I think the lack of appreciation of the impact on mothers when breastfeeding is taken from us by inadequate support is at the core of some of the strong emotions associated with discussions about infant feeding. Some 63.8 per cent of Irish babies are breastfed at their first feed (HSE National Women and Infants Health Programme, 2019 statistics). But by hospital discharge, this has already fallen to 45.7 per cent and to 31.2 per cent by the three-month public health nurse baby check. I believe this really matters because I think what mothers want matters. In my circle of friends, the women who chose to breastfeed and for whom it worked out are happy with their feeding choices and so are the women who made an informed choice to formula feed. There is, however, a large group of women who start breastfeeding in hospital but, in the first few weeks, get poor support or bad advice when they encounter the common early issues. This results in them being forced to formula feed. That is not choice. Choice is having the support to do what you chose and being facilitated and supported to do so. I think all mothers and babies deserve this informed choice (Prof Amy Brown’s book, Why Breastfeeding Grief and Trauma Matter, is an excellent deep dive into this topic).

Improving breastfeeding rates

How can we improve breastfeeding rates in Ireland? It takes more than policy and it takes more than funding (though these are critical).

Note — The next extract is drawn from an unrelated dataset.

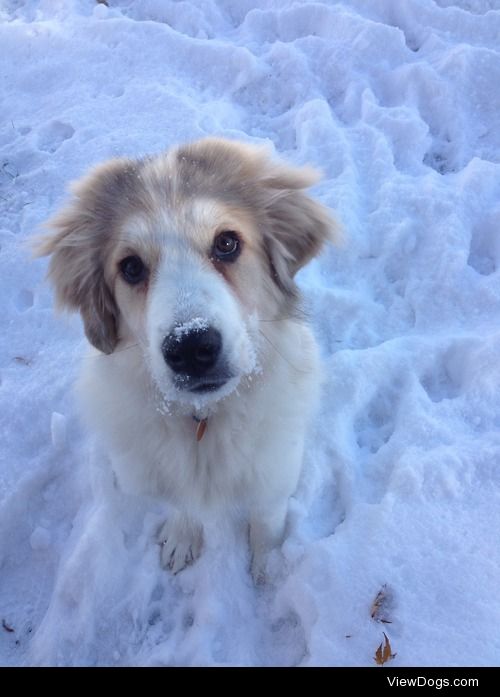 Naga my Great Pyrenees mix, 4 months old now. She loves the…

Fundamentally, we need to shift to a position where as healthcare professionals our default position is to value and protect breastfeeding. Is it all about more specialist support? The recruitment of 20 new lactation consultant posts in the past two years is welcome progress. However, we must not forget that breastfeeding, like mothering, takes place in the community. A wise mother once said to me, ‘breastfeeding is caught not taught.’

On an individual level it starts with supporting women with evidence-based information so they can breastfeed for as long (or short) as they want. Directing women antenatally to the HSE’s ‘my child’ website so they can link in with their local support group before their baby arrives is key to giving mothers who want to breastfeed every chance to achieve their own personal goals (

Where did I find this support? When my daughter was six-weeks-old, on a cold wet evening, I dressed us both up and drove to the house of a woman I had never met for my first La Leche League meeting. I was nervous outside. A friend had said to me that they were “very into breastfeeding” in a tone that intimated there was something quite dubious about this. But at this point I was desperate. Latching was agony and I needed help. I can still remember the colour of the walls and the couch and the carpet, which I looked at as I told my story, as I cried. And I remember what the woman leading the meeting said to me: “Gabrielle, what do you want?”

“I want to breastfeed my baby until she’s a year old.”

“Well if that’s what you want, we’ll help you find a way to do that.”

And they did. Within three weeks she was fully feeding at the breast and gaining weight well. I attended every meeting for the rest of my maternity leave. I found my tribe of women, the village it takes to raise a mother. I listened, I learned, I found a safe space to learn not just about breastfeeding, but about mothering.

When the time came for me to move continents and go back to work for my Fellowship, that same village lent me books on working and breastfeeding and helped me plan for managing night shifts with a breastfed six-month-old. The La Leche League, Cuidiú, and Friends of Breastfeeding are doing incredible work in our communities supporting nursing dyads.

When I think back to the young woman I was 10 years ago, on the cusp of being a mother, I marvel at all I have learned. I am grateful for all the wisdom I have been fortunate to receive to help guide me. My hope is that, going forward, all women and babies have access to that same support so that all Irish women breastfeed for as long as is right for them with the support to make those informed choices. I’m enthused by recent developments, including the revised galactosemia policies, which open the door to targeted action to support breastfeeding in the Travelling community.

Most women want to breastfeed. We need to protect breastfeeding. Is bainne beatha é bainne cíche.